When a character in Wallace Shawn’s 1985
play asked to be called Miss Cat, I saw a couple of colleagues exchange
here-we-go-again looks. In fact, this piece bears little resemblance to
the same author’s protracted kitty-fiddling riff
Grasses Of A Thousand Colours
currently playing upstairs at the Court… heavens, it even includes
longish segments in which characters speak to each other onstage. It
does, however, share a fundamental attitude: a profound ambivalence
towards his native New York intellectual set.

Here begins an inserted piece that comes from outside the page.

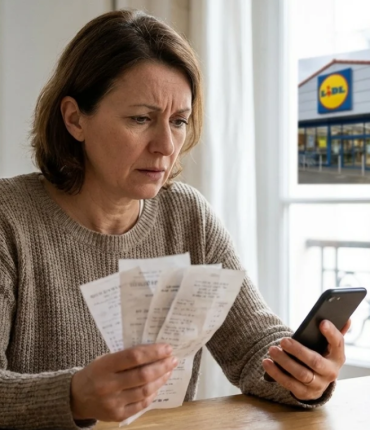 Fermetures Lidl : ce détail critique à vérifier d&rsquo;urgence sur votre application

Aunt Dan And Lemon may be set in
England, but it is indistinguishable from Shawn’s usual dramatic NYC
socially, or even lexically – it features a London in which people live
“on the South Side”.
Almost all of Shawn’s plays contain indictments of what he sees as the
solipsism and social detachment of this stratum; some (including
Grasses) visit upon them an
implicitly deserved apocalypse of one kind or another. But whether
intentionally or not, Shawn usually ends up showing a kind of
admiration of the Nietzschean purity of will embodied in such
selfishness. It is not unlike the canard of yore, “Love her or hate
her, you’ve got to admire Thatcher’s conviction.” Here, too, the
central emblem of the loathed value system is cripplingly dated. What
feels like half an hour of the 110-minute playing time is devoted to
Aunt Dan’s increasingly fervent championing of Henry Kissinger’s
Vietnam policy; already a decade old when the play premièred, it
now – notwithstanding more recent echoes in the Iraq venture – feels
like a curio.
Dominic Cooke’s production is good on feeling, on texture. Scenes flow
into each other without demarcation, and characters do not so much
enter and exit as simply seem to materialise in the stream of Lemon’s
reminiscences of her childhood and the stories told her by “Aunt” Dan
of
her friends. Lorraine
Ashbourne as Dan never quite scintillates enough to explain Lemon’s
fascination with her, although she is undoubtedly a powerful presence.
Paul Chahidi is an unforgiving figure as Lemon’s American father, and
Scarlett Johnson (who could build a career out of typographical errors)
is both alluring and heartless as a siren from Dan’s recollections.
Jane Horrocks has little to do as Lemon except bookend the memory
sequence with remarks on the dedication of the Nazis to realising their
own value system – that authorial ambivalence at its most naked. But,
as Nietzsche remarked, if you gaze into the abyss, the abyss also gazes
into you.
Written for the Financial
Times.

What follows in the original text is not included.